She knows I have some ambivalence about parenthood but feels that I should just “get over it” because my sister next in age has kids already, and in her words I am “in direct rebellion to God and motherhood.” I try to keep a sense of humor about it, so I just told her I wanted a t-shirt printed with that slogan.
My Dad cycles in and out of various layers of denial and is still prone to being manipulative and controlling, so we don’t talk. He has apologized for how things went down and then later spoke of those same things as being in a positive or “not so bad” light. It’s weird. I imagine its hard for him too, knowing he did those things.
Both parents stopped demanding work from me after I went “on protest” in my teens, but they still demand some sort of respect that I have never had for them and they seem to feel they have been wrongly deprived of. It’s not that I’m disrespectful, just that this respect went to other people such as grandparents, teachers, mentors, etc.
I think that’s one reason it’s so good to get these “consumer reviews” – some homeschooling parents might truly have regrets but minimize and deny it to themselves and others in order to save face, or perhaps they genuinely just don’t understand what it’s like to walk in our shoes.
Love you t-shirt comment!
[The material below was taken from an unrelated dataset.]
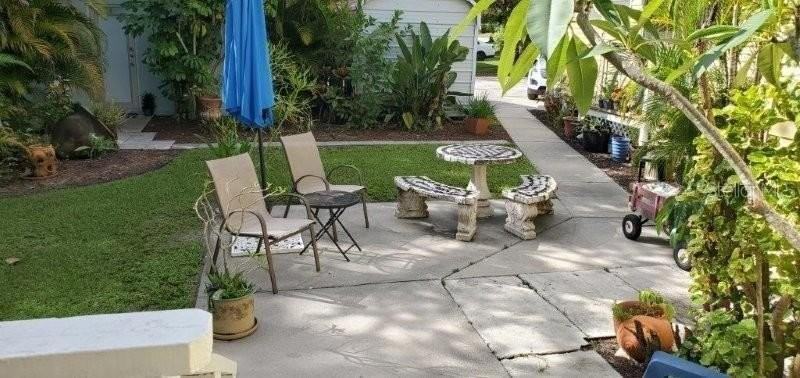 457 W Marion Ave #B - Photo 3 of 15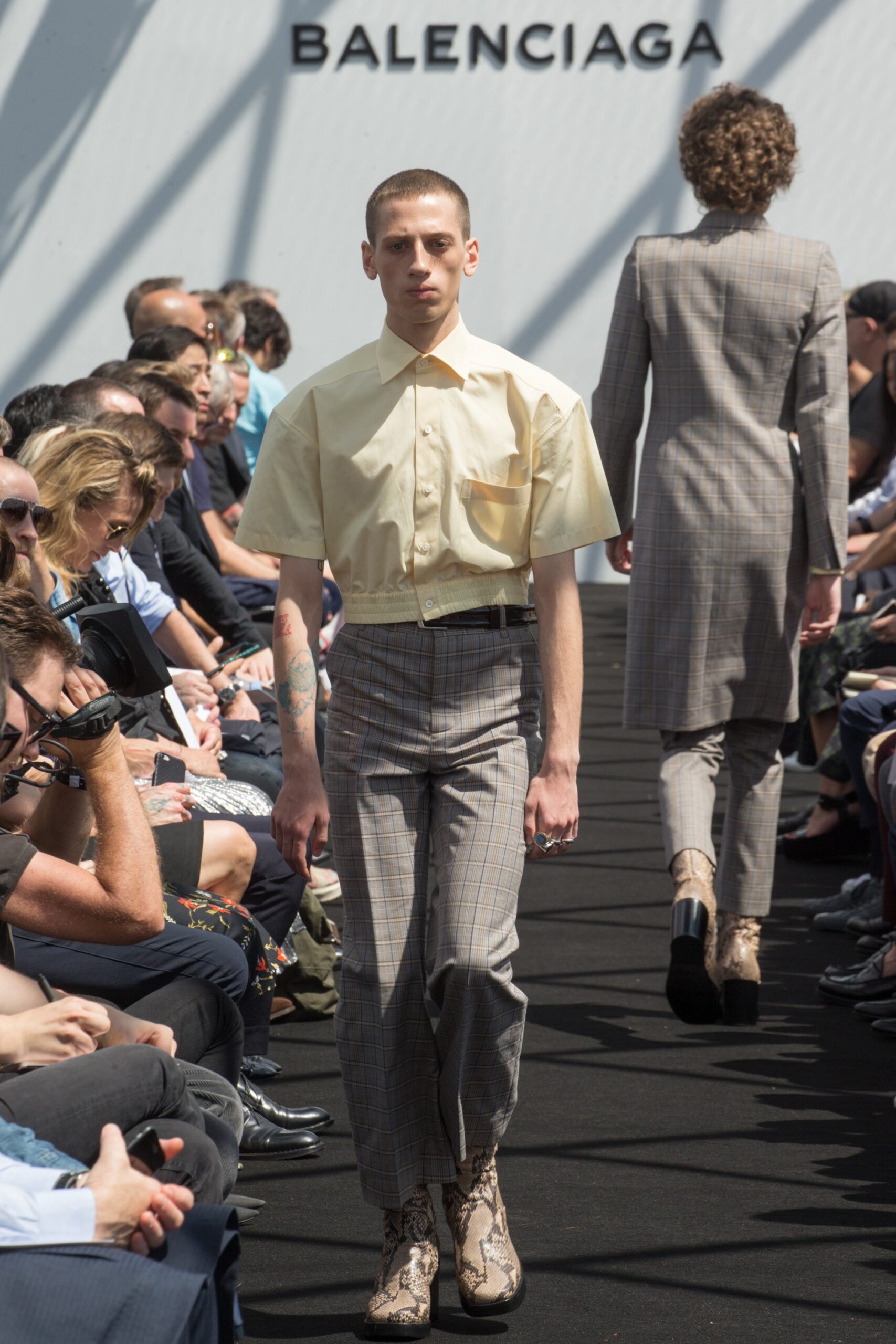 yellow cotton short-sleeve collared fitted shirt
I may be a mother, but I want one too! 🙂
You can be a mom and still be in rebellion to that sort of “motherhood.” Ha ha, I can just imagine the confused looks a shirt like that would get from people. I might need to do it for real…
I want one too.
I wonder somewhat if we need, not just stories like yours, but stories from those of us who were not so far onto the spectrum. I was well-educated, enough to get into the honors program at a decent college and hold my own as a very smart student, when I had struggled to handle public school. I was one of the combination intelligent/disabled students that the public school system simply had no place for. I was also heavily indoctrinated into very conservative beliefs, in a way that ultimately left me vulnerable to an abusive man who took advantage of my beliefs on modesty and submission. And I remember a constant environment of suspicion that I was being rebellious and manipulative, though I was rarely guilty of the crime. Which would have been better? I really don’t know.
It’s worth talking about, I think. Could public schools be better fitted to accommodate students like me? Could homeschooling be overhauled so that children like me get more access to different ideas, and aren’t so vulnerable to such teaching? Which should we do?
I think about these things too and ultimately it brings me back to thoughts of children’s rights. If children are taught that they have a right to form an opinion, to say yes and no, to have respect and bodily integrity, that they aren’t just empty vessels to be filled with “knowledge” but people in their own right, then I imagine both homeschooling and public schools would look different. They would be more inclusive, less authoritarian, more flexible to diversity. I think we can’t come up with the best systems, ones that would encourage full development to potential, as long as we look at kids like they’re “almost people” and put hierarchy above humanity.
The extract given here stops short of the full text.